² Donnelly Centre for Cellular and Biological Research and Department of Molecular Genetics, University of Toronto, Toronto, Ontario, Canada.

³ Present address: Stony Brook School of Medicine, Stony Brook University, Stony Brook, NY 11794.

Keywords:

baker’s yeast, chronological lifespan (CLS), near-zero growth, starvation, giant yeast colonies, retentostats, encapsulation, immobilized cell reactors.

Corresponding Author(s):

Frank Rosenzweig, School of Biological Sciences, 310 Ferst Drive. Atlanta, GA 30332-0230. Ph: 404.385.4458; FAX: 404.894.0519; frank.rosenzweig@biology.gatech.edu

Conflict of interest statement:

The authors declare no conflict of interest.
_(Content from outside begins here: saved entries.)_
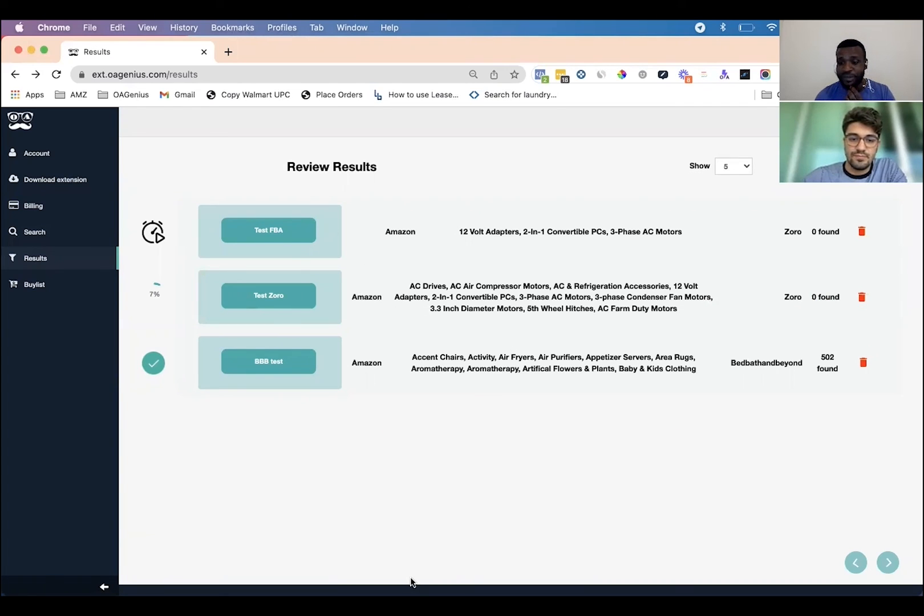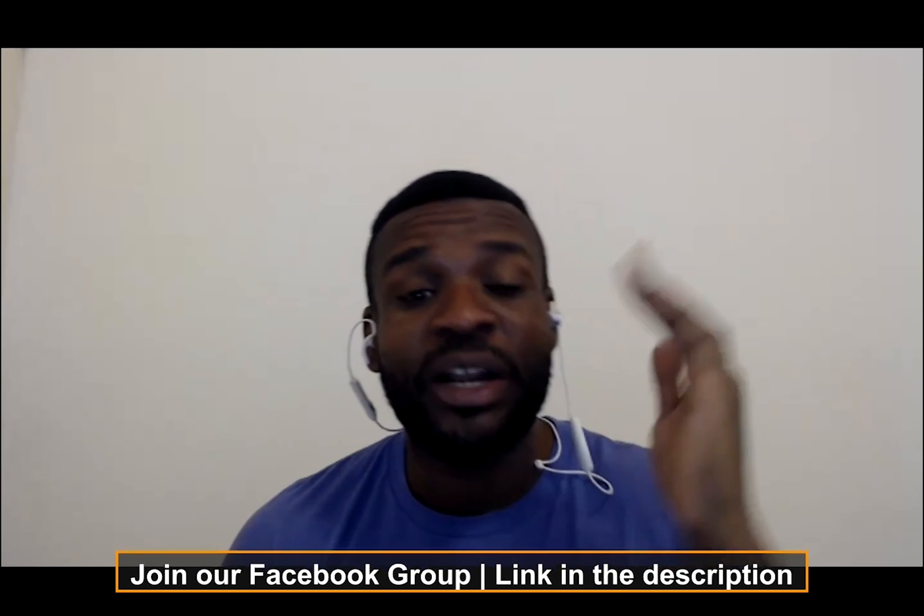So guys, if you have any questions about OE Genius or this new feature, leave a comment in the comment section. I'll put a link to OE Genius and a link to the group in the description. I plan to have Jordan on the channel again next week. This was really interesting — I'm happy that you came on, and hopefully we can have you again soon. Thanks for having me, Mark.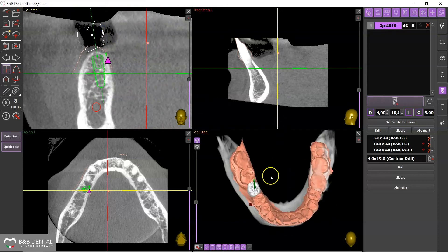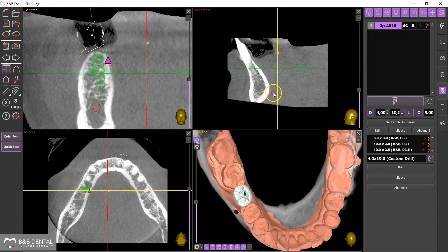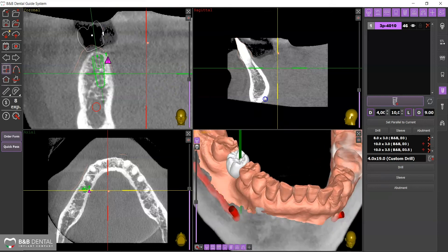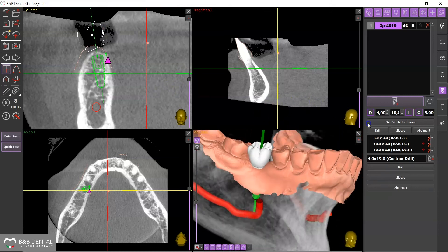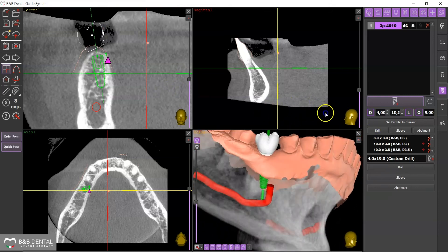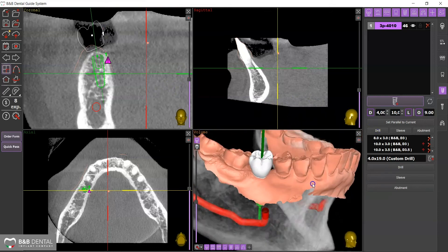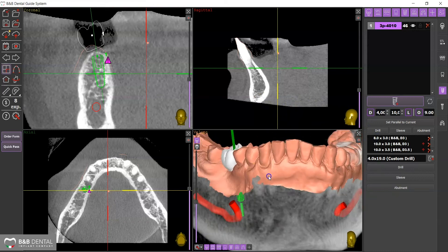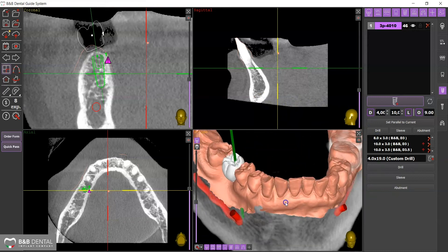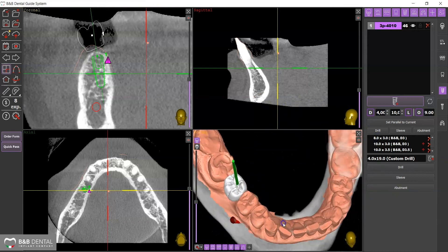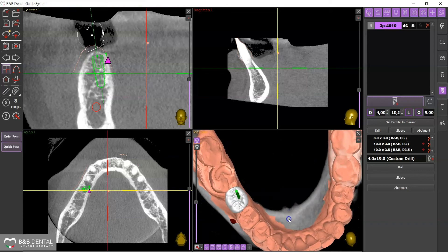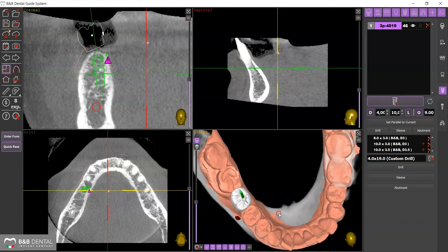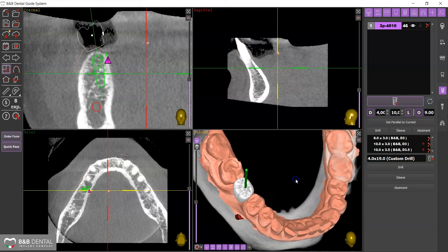In the volumetric display, you can also evaluate the axis of the implant in accordance with the position of the previously inserted tooth. At the bottom, you can activate or deactivate the different elements to have a more or less free field.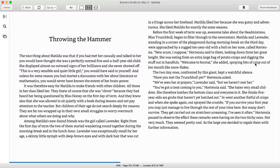The nice thing about Matilda was that if you had met her casually and talked to her, you would have thought that she was a perfectly normal five-and-a-half-year-old child. She displayed almost no outward signs of her brilliance, and she never showed off. This is a very sensible and quiet little girl, you would have said to yourself, and unless for some reason you had started a discussion with her about literature or mathematics, you would have never known the extent of her brain power.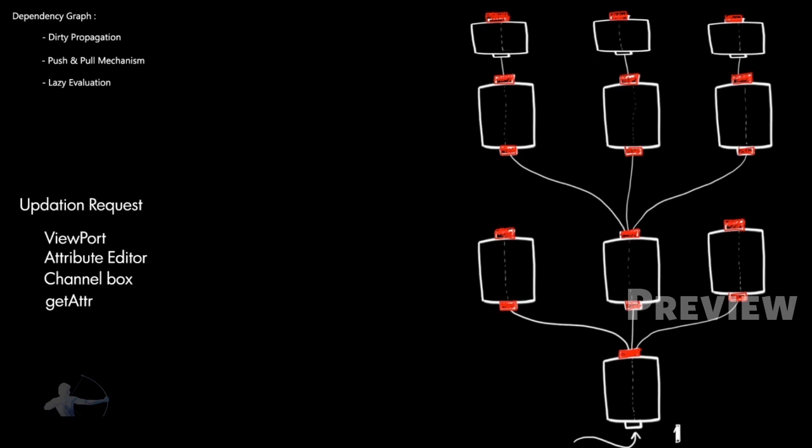So if the updation request has come on these different triangles, you can see these three different triangles in the viewport. And Maya checks and sees that its input plug or input attribute is dirty. And the attribute connected to the input of the node is dirty as well. And eventually it comes here and finds that input and output plug of this node are dirty. And it knows that some calculation needs to be done here.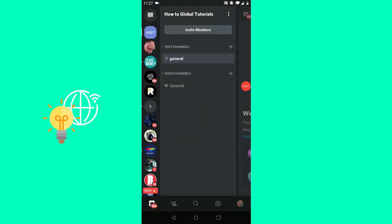In this video I'm going to show you how to invite someone to a Discord server on phone in 2021. First, you want to open up your Discord app on your phone, then go to the server that you want to invite someone to.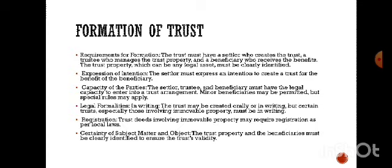Requirements for formation of a trust: the trust must have a settlor who creates the trust, a trustee who manages the trust property, and a beneficiary who receives the benefits. The trust property, which can be any legal asset, must be clearly identified and transferred to the trustee by the settlor for the benefit of the beneficiary. Expression of intention: the settlor must express an intention to create a trust for the benefit of the beneficiary.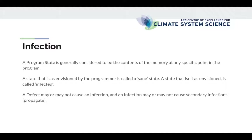Not every defect causes an infection but every infection is caused either by a defect or by a prior infection, which we call that infections propagate, that the infection has propagated.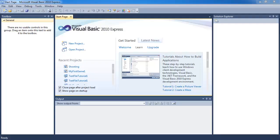Hey guys, this is Eddie. Haven't done a Visual Basic tutorial in a while. Thought I'd start doing it again. And the first thing I'm going to do is a tutorial on how to move an object in a square pattern.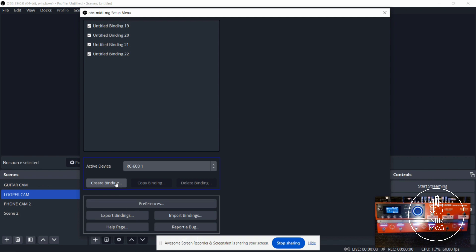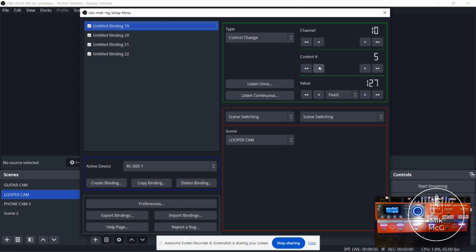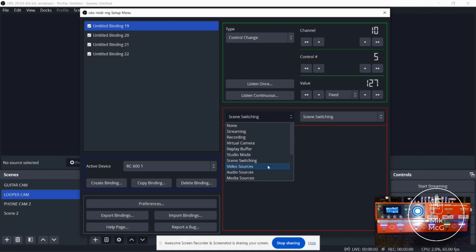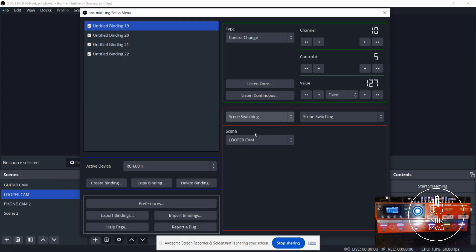You hit Create Binding, and you'll start a binding with a side panel. This is the listener for your CC command. You hit Listen once - it'll show blank zero values - and then you press the foot switch on the RC600 that you've already programmed, like CC15 or CC20. Step on that foot switch and this recognizes all of it. Then here is where you tell OBS what you want it to do - whether it be scene switching, changing video sources, audio sources, record, and so on. You select what scene you want to change to, and in my case for channel 10, control 5, when I press that foot switch I want it to change to the looper cam.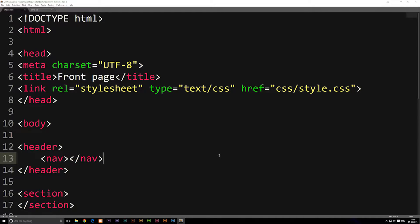In this episode we're going to talk about how to insert an image into a website. For this example we're going to be using a logo which we're going to insert into the header that we created in the last episode. We're also going to talk about a couple of different ways we can insert an image and the formats of images you can use when uploading to a website.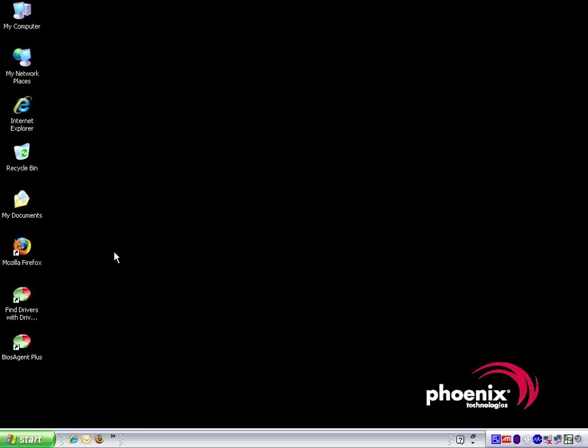Welcome to Phoenix Technologies Driver Agent. In the next several minutes, this video will show you how to download and install a driver using Driver Agent. If this video is too fast for you, you can pause it at any time by clicking the pause button. You can also watch the video as many times as you need to. Let's begin.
Please cite this article as:

Jordan Gulli, Emily Cook, Eugene Kroll, Adam Rosebrock, Amy Caudy and Frank Rosenzweig (2019). Diverse conditions support near-zero growth in yeast: Implications for the study of cell lifespan. Microbial Cell 6(9): 397-413. doi: 10.15698/mic2019.09.690

© 2019 Gulli et al. This is an open-access article released under the terms of the Creative Commons Attribution (CC BY) license, which allows the unrestricted use, distribution, and reproduc-tion in any medium, provided the original author and source are acknowledged.

Abstract:

Baker’s yeast has a finite lifespan and ages in two ways: a mother cell can only divide so many times (its replicative lifespan), and a non-dividing cell can only live so long (its chronological lifespan). Wild and laboratory yeast strains exhibit natural variation for each type of lifespan, and the genetic basis for this variation has been generalized to other eukaryotes, including metazoans. To date, yeast chronological lifespan has chiefly been studied in relation to the rate and mode of functional decline among non-dividing cells in nutrient-depleted batch culture. However, this culture method does not accurately capture two major classes of long-lived metazoan cells: cells that are terminally differentiated and metabolically active for periods that approximate animal lifespan (e.g. cardiac myocytes), and cells that are pluripotent and metabolically quiescent (e.g. stem cells). Here, we consider alternative ways of cultivating Saccharomyces cerevisiae so that these different metabolic states can be explored in non-dividing cells: (i) yeast cultured as giant colonies on semi-solid agar, (ii) yeast cultured in retentostats and provided sufficient nutrients to meet minimal energy requirements, and (iii) yeast encapsulated in a semisolid matrix and fed ad libitum in bioreactors. We review the physiology of yeast cultured under each of these conditions, and explore their potential to provide unique insights into determinants of chronological lifespan in the cells of higher eukaryotes.